(Entries taken from a collection)
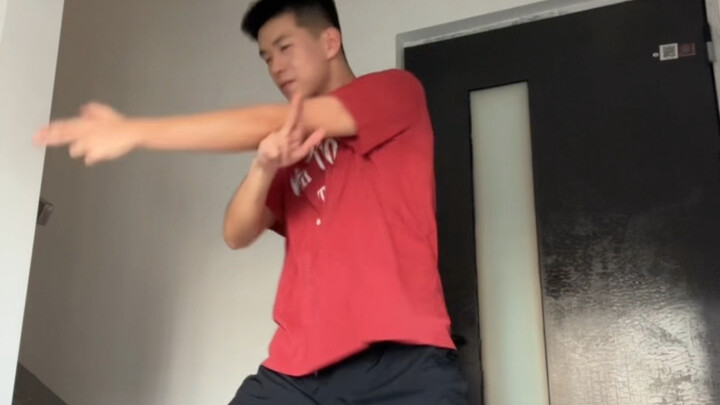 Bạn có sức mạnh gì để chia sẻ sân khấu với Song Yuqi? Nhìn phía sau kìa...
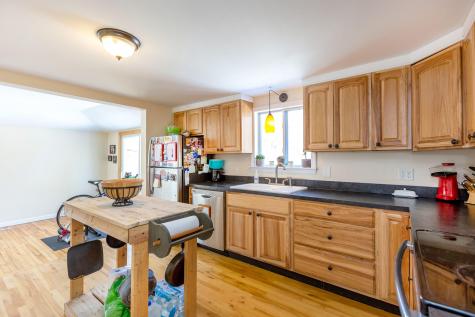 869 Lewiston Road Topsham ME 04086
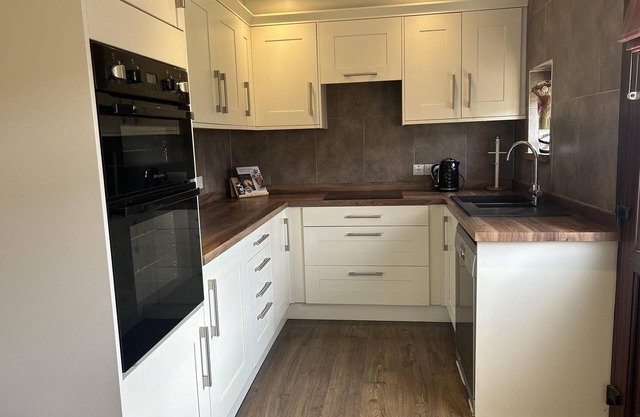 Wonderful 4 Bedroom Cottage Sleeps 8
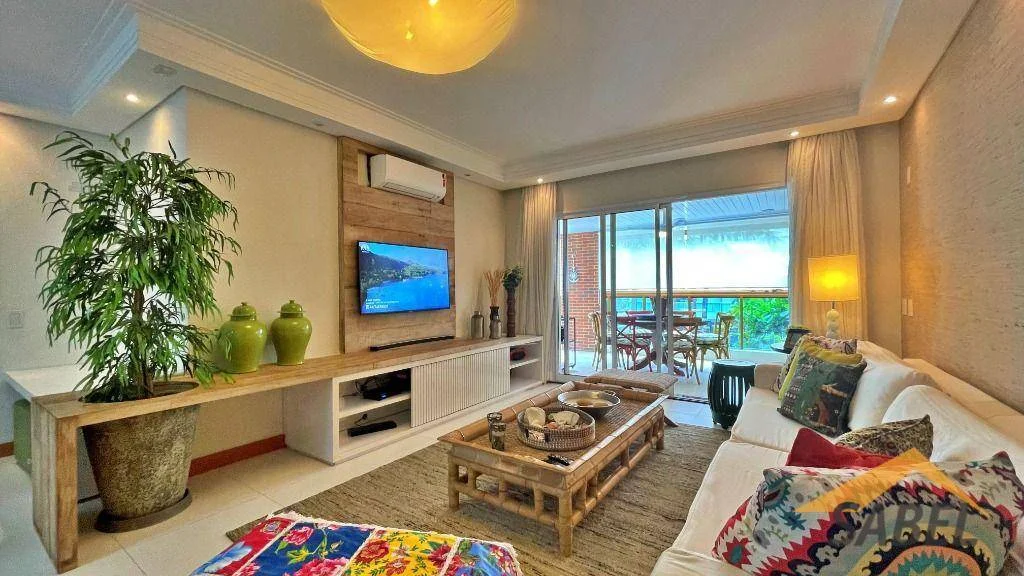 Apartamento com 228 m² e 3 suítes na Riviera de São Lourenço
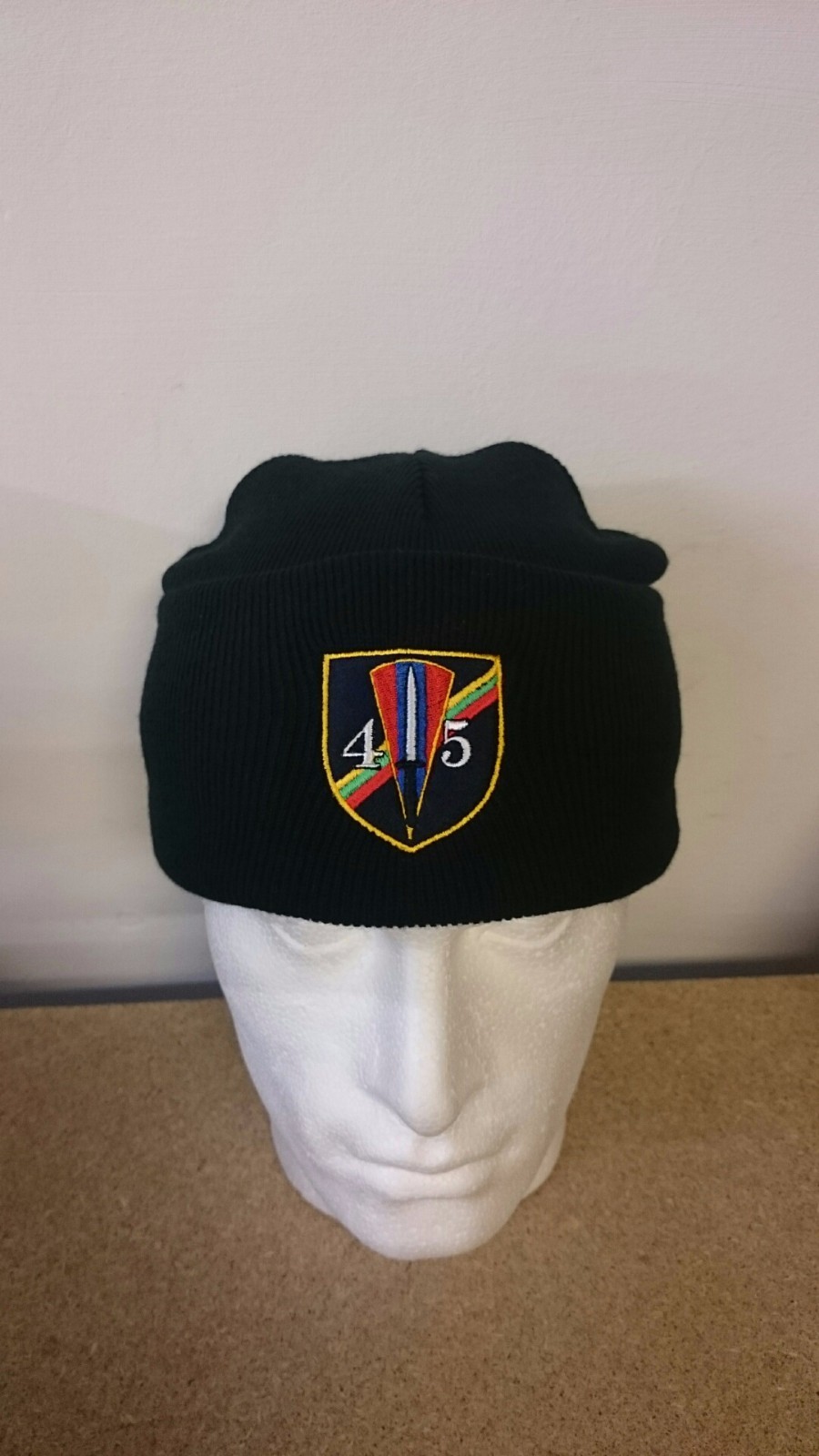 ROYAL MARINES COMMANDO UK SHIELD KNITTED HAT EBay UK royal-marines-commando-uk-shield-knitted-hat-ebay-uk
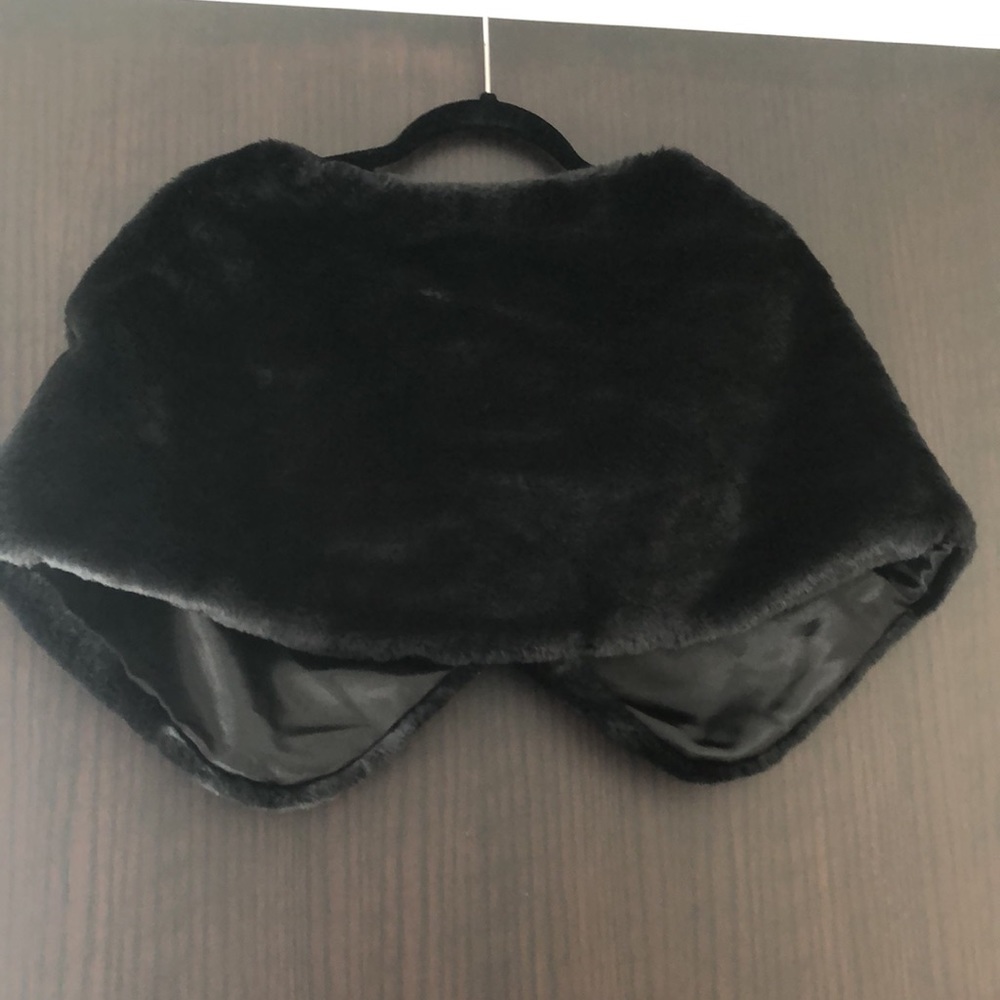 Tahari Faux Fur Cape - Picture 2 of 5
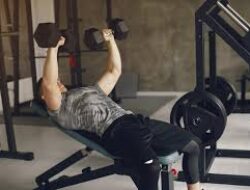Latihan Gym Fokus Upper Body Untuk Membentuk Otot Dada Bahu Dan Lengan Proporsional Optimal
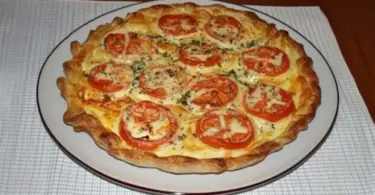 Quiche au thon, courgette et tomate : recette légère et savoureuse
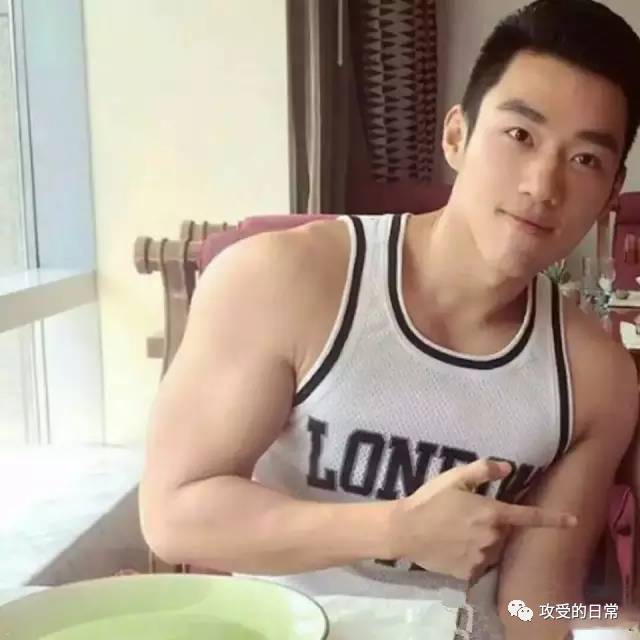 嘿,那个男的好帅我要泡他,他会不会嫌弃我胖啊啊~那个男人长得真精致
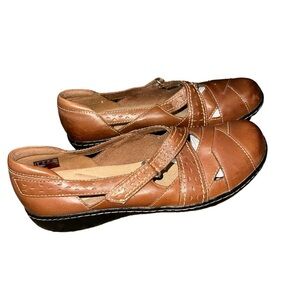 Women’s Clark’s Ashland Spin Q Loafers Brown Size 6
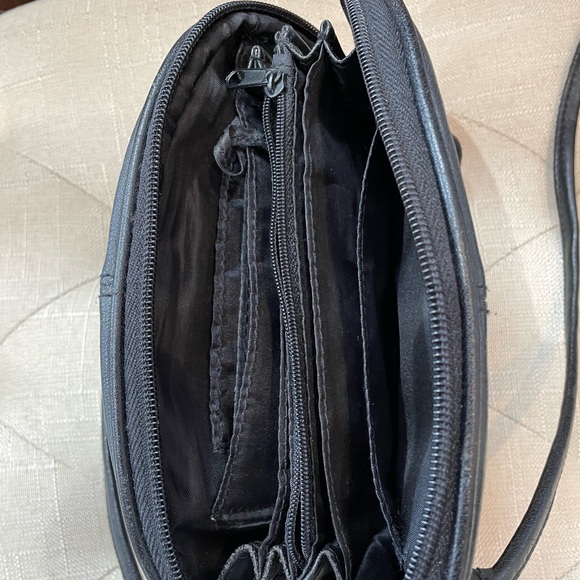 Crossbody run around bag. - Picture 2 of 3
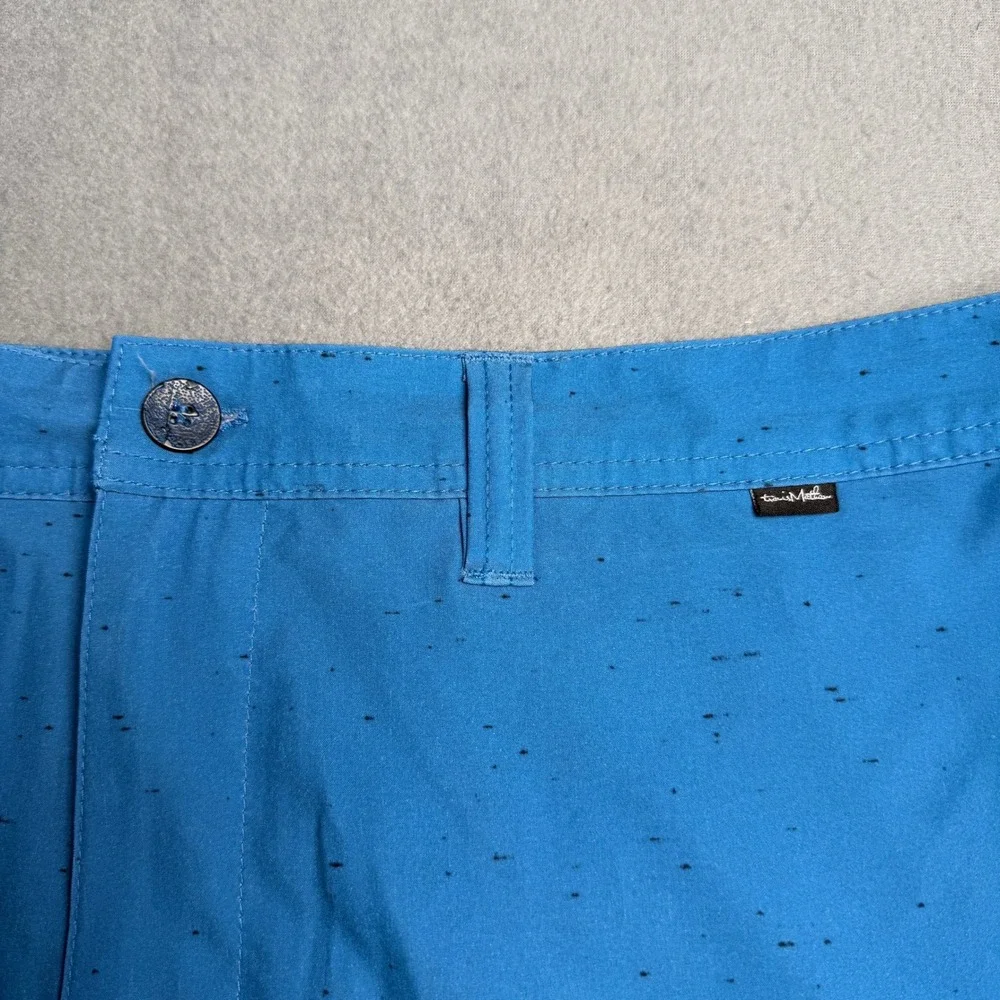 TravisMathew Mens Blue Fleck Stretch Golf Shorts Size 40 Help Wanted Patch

- [EXERCISE OBJECTIVE]: Nothing but the records, restated word for word and stripped of images, belongs in the answer.

- [SOLUTION FOR THIS PROBLEM]:
 Bạn có sức mạnh gì để chia sẻ sân khấu với Song Yuqi? Nhìn phía sau kìa...
 869 Lewiston Road Topsham ME 04086
 Wonderful 4 Bedroom Cottage Sleeps 8
 Apartamento com 228 m² e 3 suítes na Riviera de São Lourenço
 ROYAL MARINES COMMANDO UK SHIELD KNITTED HAT EBay UK royal-marines-commando-uk-shield-knitted-hat-ebay-uk
 Tahari Faux Fur Cape - Picture 2 of 5
Latihan Gym Fokus Upper Body Untuk Membentuk Otot Dada Bahu Dan Lengan Proporsional Optimal
 Quiche au thon, courgette et tomate : recette légère et savoureuse
 嘿,那个男的好帅我要泡他,他会不会嫌弃我胖啊啊~那个男人长得真精致
 Women’s Clark’s Ashland Spin Q Loafers Brown Size 6
 Crossbody run around bag. - Picture 2 of 3
 TravisMathew Mens Blue Fleck Stretch Golf Shorts Size 40 Help Wanted Patch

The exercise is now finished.